**Provided entries:**
----------

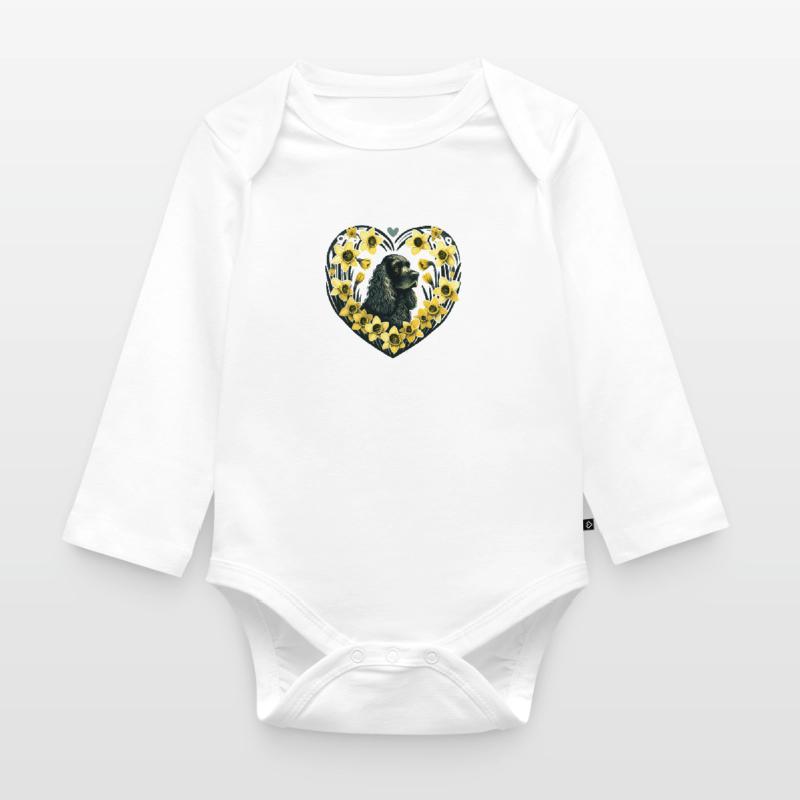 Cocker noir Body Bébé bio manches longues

----------

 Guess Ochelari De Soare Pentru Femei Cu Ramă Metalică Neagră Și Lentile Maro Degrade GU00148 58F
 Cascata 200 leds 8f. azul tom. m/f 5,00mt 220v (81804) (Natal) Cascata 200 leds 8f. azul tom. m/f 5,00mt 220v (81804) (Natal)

----------

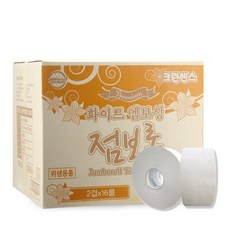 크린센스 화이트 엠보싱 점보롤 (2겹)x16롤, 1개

----------

**What you are asked to do:**
Produce only the lines from the line containing "Guess Ochelari De" through the line containing "(81804) (Natal) Cascata", inclusive of both, exactly as they stand in the entries above.

**Your response:**
 Guess Ochelari De Soare Pentru Femei Cu Ramă Metalică Neagră Și Lentile Maro Degrade GU00148 58F
 Cascata 200 leds 8f. azul tom. m/f 5,00mt 220v (81804) (Natal) Cascata 200 leds 8f. azul tom. m/f 5,00mt 220v (81804) (Natal)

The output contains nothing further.